Records for this exercise:
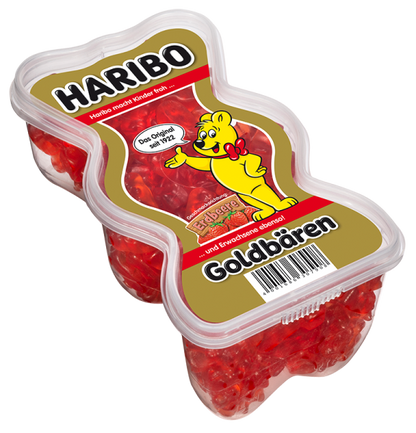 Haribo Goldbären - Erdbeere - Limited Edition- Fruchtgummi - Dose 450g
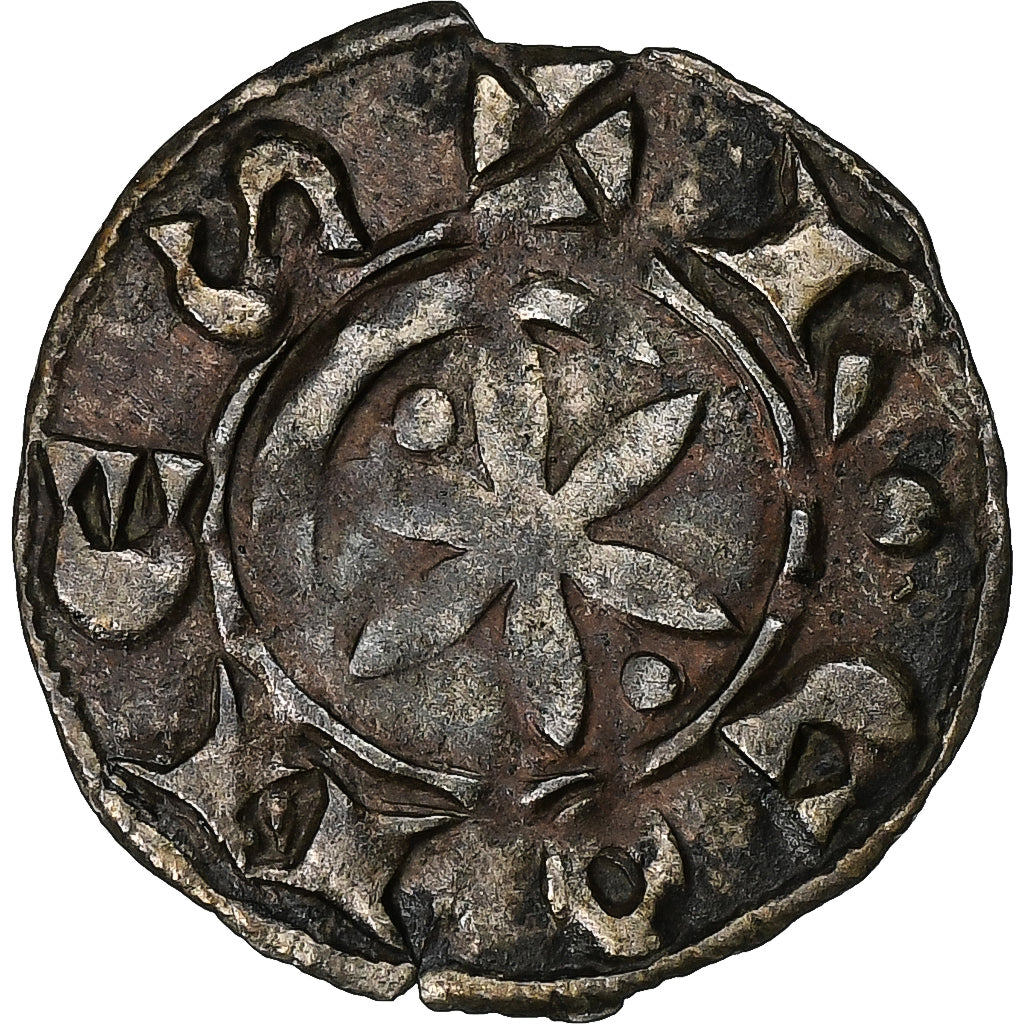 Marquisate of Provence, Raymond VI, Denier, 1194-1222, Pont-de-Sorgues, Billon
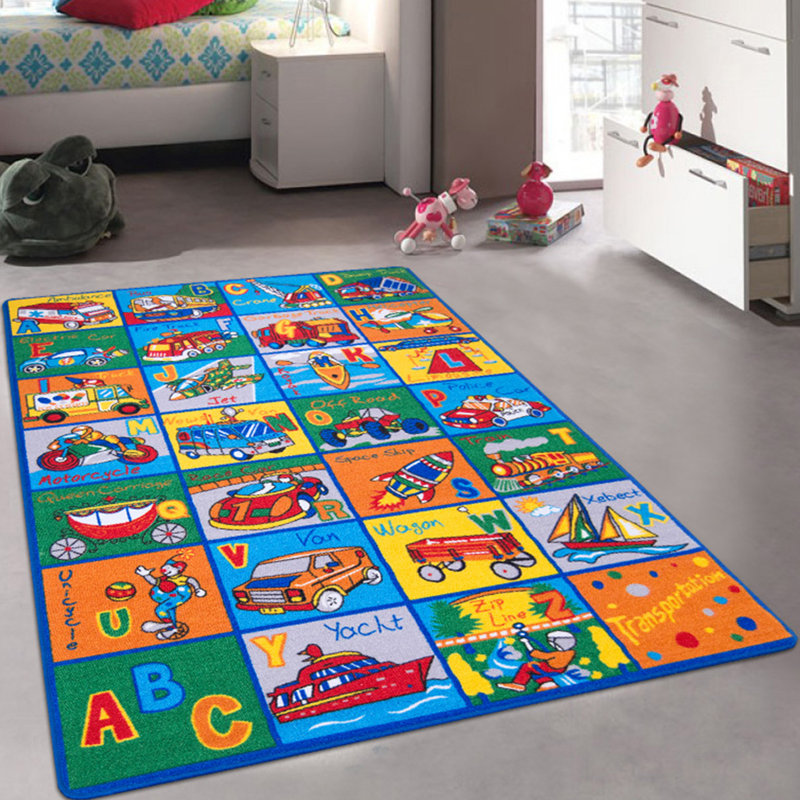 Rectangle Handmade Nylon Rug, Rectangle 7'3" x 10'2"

* * *

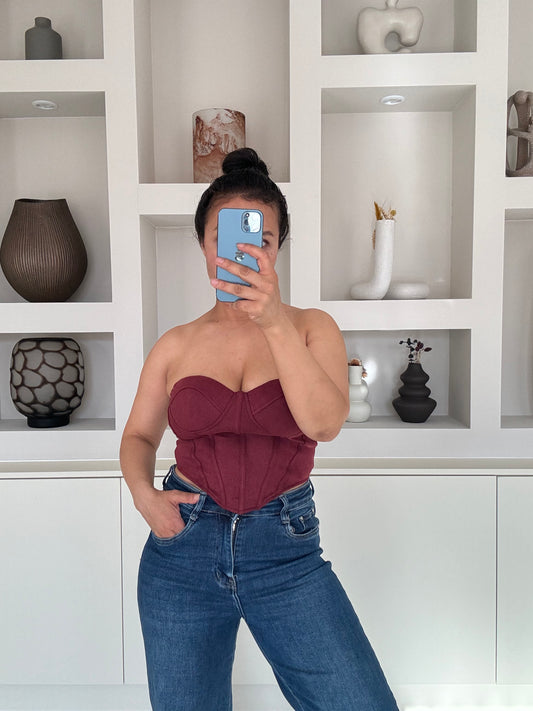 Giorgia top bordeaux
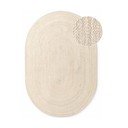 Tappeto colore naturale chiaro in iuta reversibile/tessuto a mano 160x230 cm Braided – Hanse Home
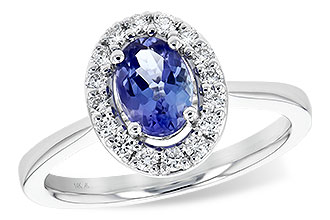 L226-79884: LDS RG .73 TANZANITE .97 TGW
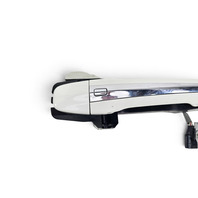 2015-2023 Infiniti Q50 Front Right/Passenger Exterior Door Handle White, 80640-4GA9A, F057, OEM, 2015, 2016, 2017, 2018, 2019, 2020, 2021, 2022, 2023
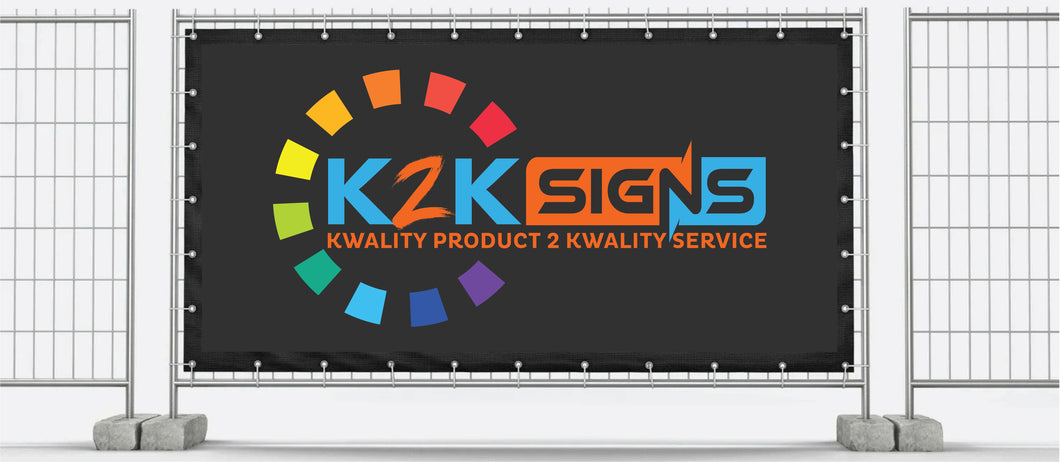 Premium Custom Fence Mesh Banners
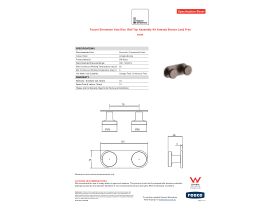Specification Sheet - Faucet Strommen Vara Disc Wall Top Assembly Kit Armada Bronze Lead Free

Problem requirements: Above are the records. Copy word for word only their lines from the one holding "Haribo Goldbären - Erdbeere" through the one holding "Rectangle Handmade Nylon", both included, and skip the images.

Finished task:
 Haribo Goldbären - Erdbeere - Limited Edition- Fruchtgummi - Dose 450g
 Marquisate of Provence, Raymond VI, Denier, 1194-1222, Pont-de-Sorgues, Billon
 Rectangle Handmade Nylon Rug, Rectangle 7'3" x 10'2"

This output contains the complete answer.